■ SUPPLIED DATA ■

►

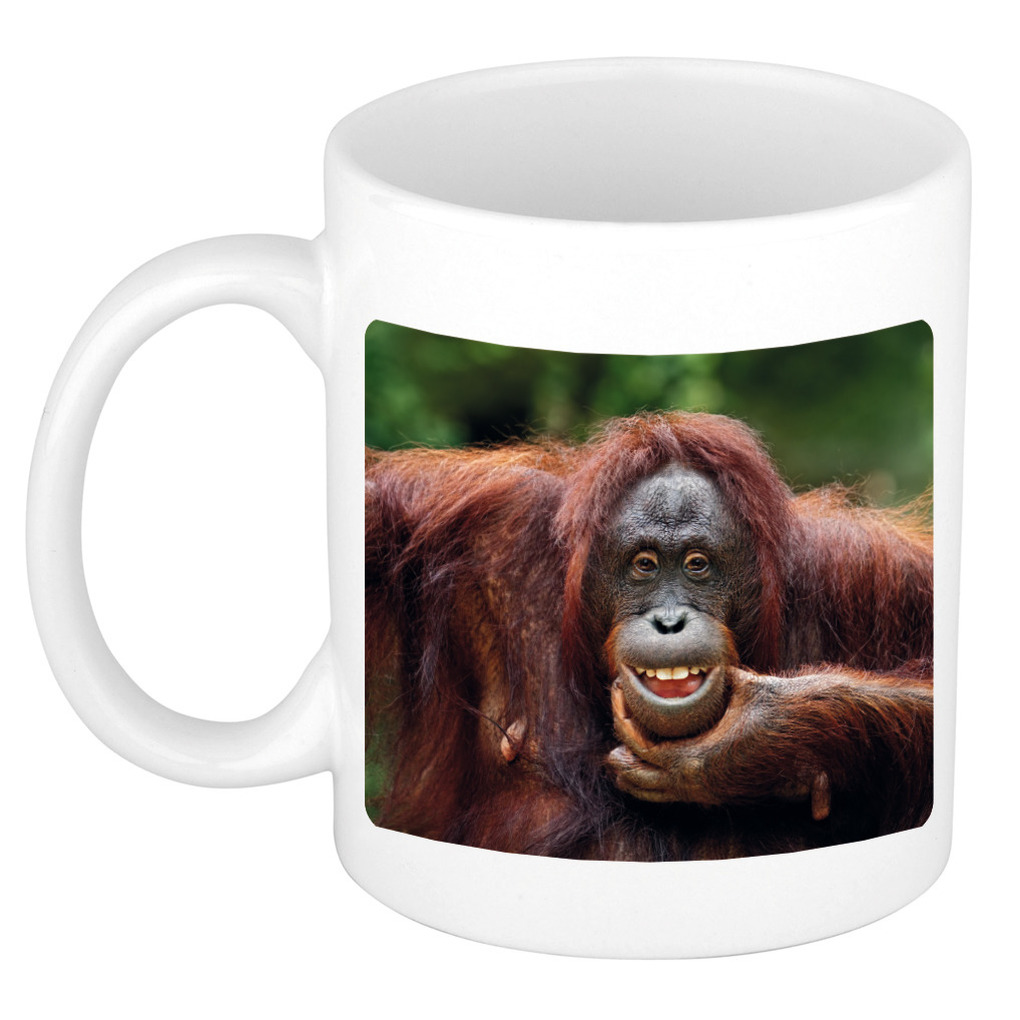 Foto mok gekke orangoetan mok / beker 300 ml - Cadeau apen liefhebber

◄
►

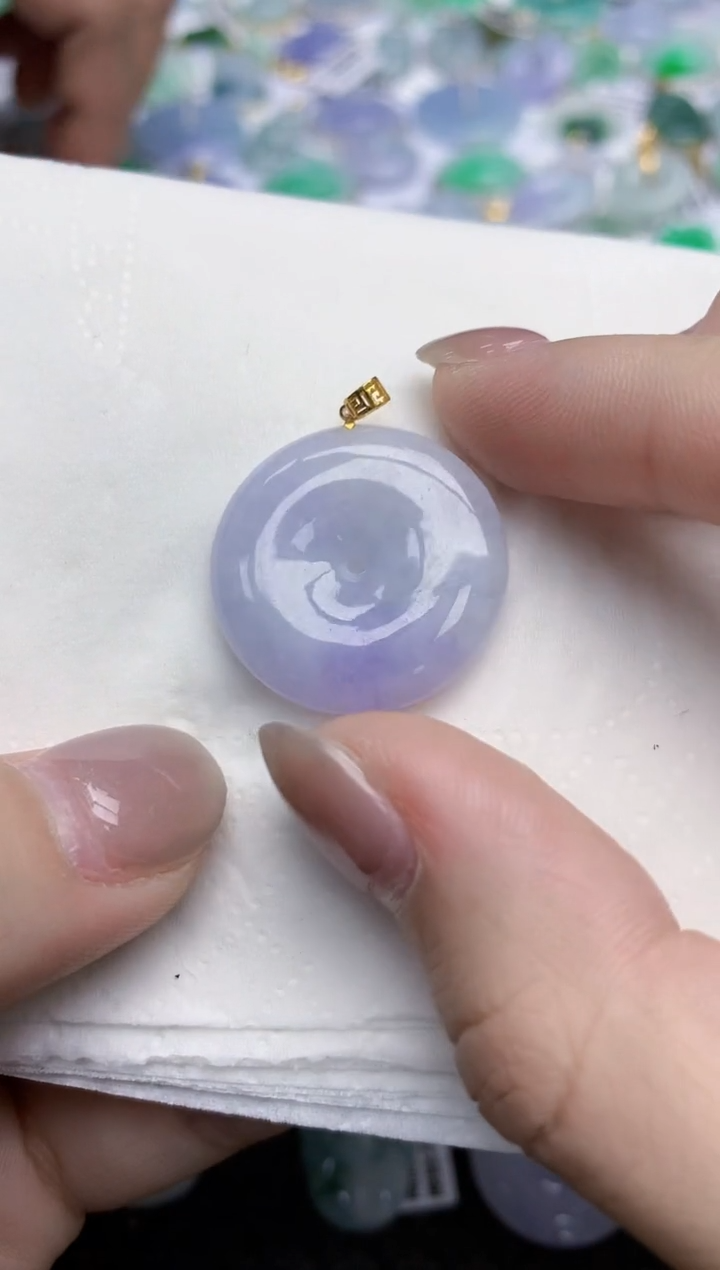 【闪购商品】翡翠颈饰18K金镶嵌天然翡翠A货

◄
►

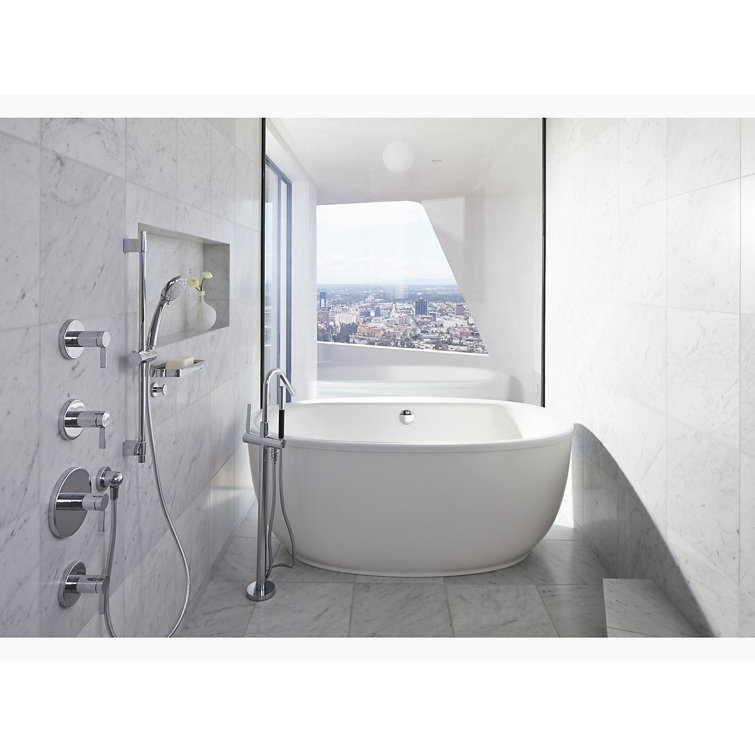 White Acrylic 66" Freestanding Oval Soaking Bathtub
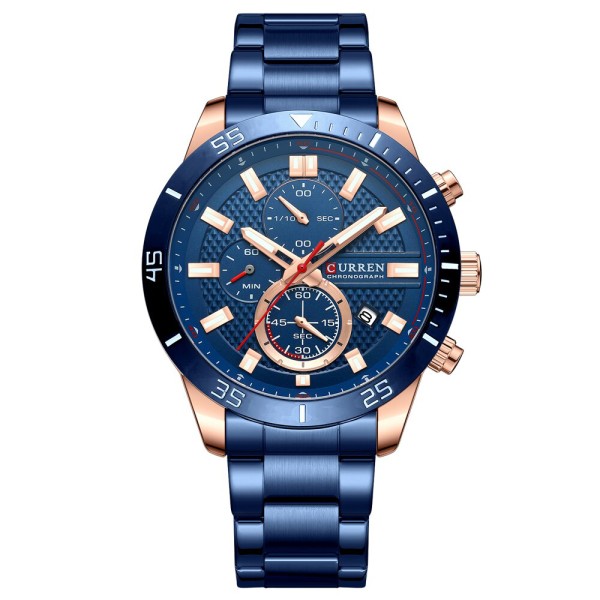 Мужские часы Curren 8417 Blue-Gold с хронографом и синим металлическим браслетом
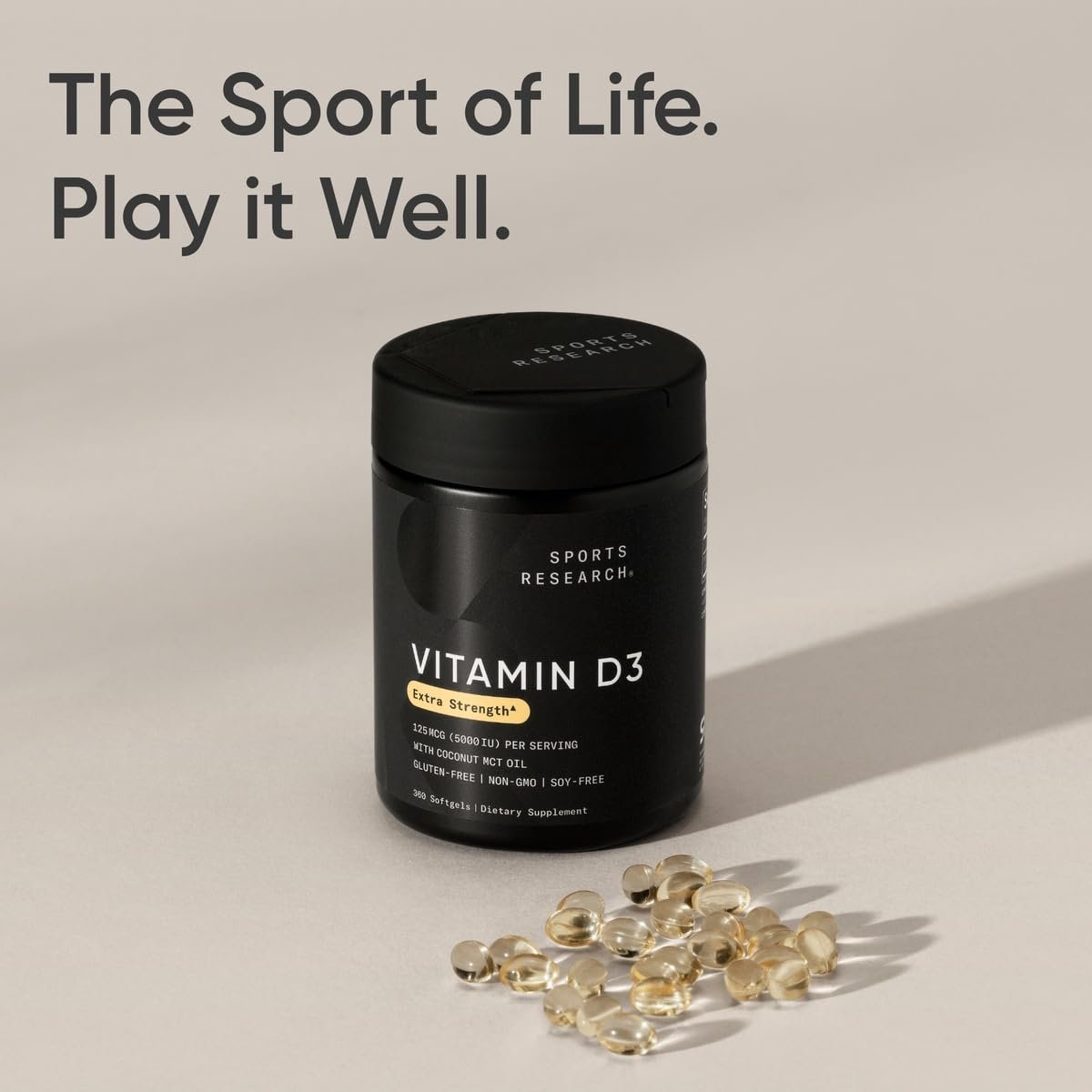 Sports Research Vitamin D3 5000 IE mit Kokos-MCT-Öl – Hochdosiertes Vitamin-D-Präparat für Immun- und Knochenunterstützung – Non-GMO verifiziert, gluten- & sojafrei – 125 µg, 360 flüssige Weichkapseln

◄

■ REQUIREMENT ■
Using the entries above, extract exactly the lines from the one that contains "Oval Soaking Bathtub" through the one that contains "Sports Research Vitamin". Do not carry over any pictures.

■ WRITTEN RESPONSE ■
 White Acrylic 66" Freestanding Oval Soaking Bathtub
 Мужские часы Curren 8417 Blue-Gold с хронографом и синим металлическим браслетом
 Sports Research Vitamin D3 5000 IE mit Kokos-MCT-Öl – Hochdosiertes Vitamin-D-Präparat für Immun- und Knochenunterstützung – Non-GMO verifiziert, gluten- & sojafrei – 125 µg, 360 flüssige Weichkapseln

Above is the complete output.